SAP ist ein internationales Unternehmen und wir arbeiten in globalen Teams. Auch diese Idee wurde in einem globalen Team entwickelt. Unsere Erfahrungen aus dem Bau der SAP Arena in Mannheim, aber auch aus der Arbeit mit 1899 Hoffenheim und den San Jose Sharks und anderen internationalen Kunden haben uns bei der Umsetzung unserer Idee geholfen.   

Ist es wichtig, dass auch die Fans bemerken, dass SAP in ihrem Klub präsent ist? Schließlich könnten auch Fußballfans potenzielle SAP-Kunden sein.

Natürlich. Der Fan ist ja auch manchmal ein IT-Entscheider oder er kommt aus dem Geschäftsbereich.
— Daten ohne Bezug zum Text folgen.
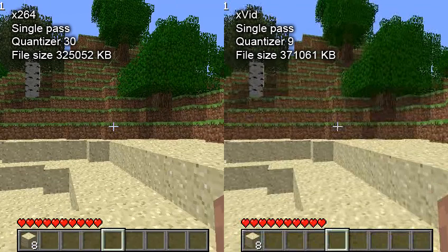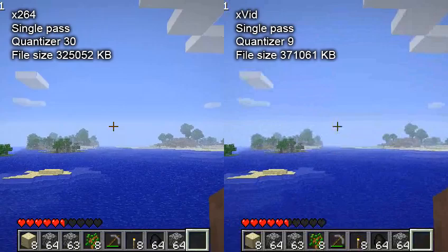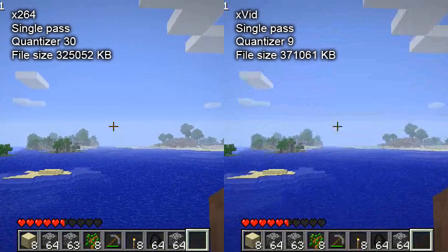I've made two files so that they come out approximately about the same file size. The x264 is even smaller than the xvid version. With quantizer 30 on the x264 and quantizer 9 on xvid, they come out about the same size, but there's obviously more detail in the x264 videos — in the leaves and in the water in the second picture.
Einen solchen Multiplikatoreffekt kann es geben. Der Fan soll es erfahren und auch von den neuen Techniken profitieren, etwa beim Ticketkauf.

Die Klubs können die Ticket-Zweitmarkt-Funktion direkt freischalten. – Fadi Naoum

Sie haben mit dem Zukauf des brandenburgischen Ticketinganbieters Ticket-Web auch auf diesem Gebiet Kompetenz erworben. Bieten Sie auch Lösungen an für den Zweitmarkt, also den Weiterverkauf von Tickets?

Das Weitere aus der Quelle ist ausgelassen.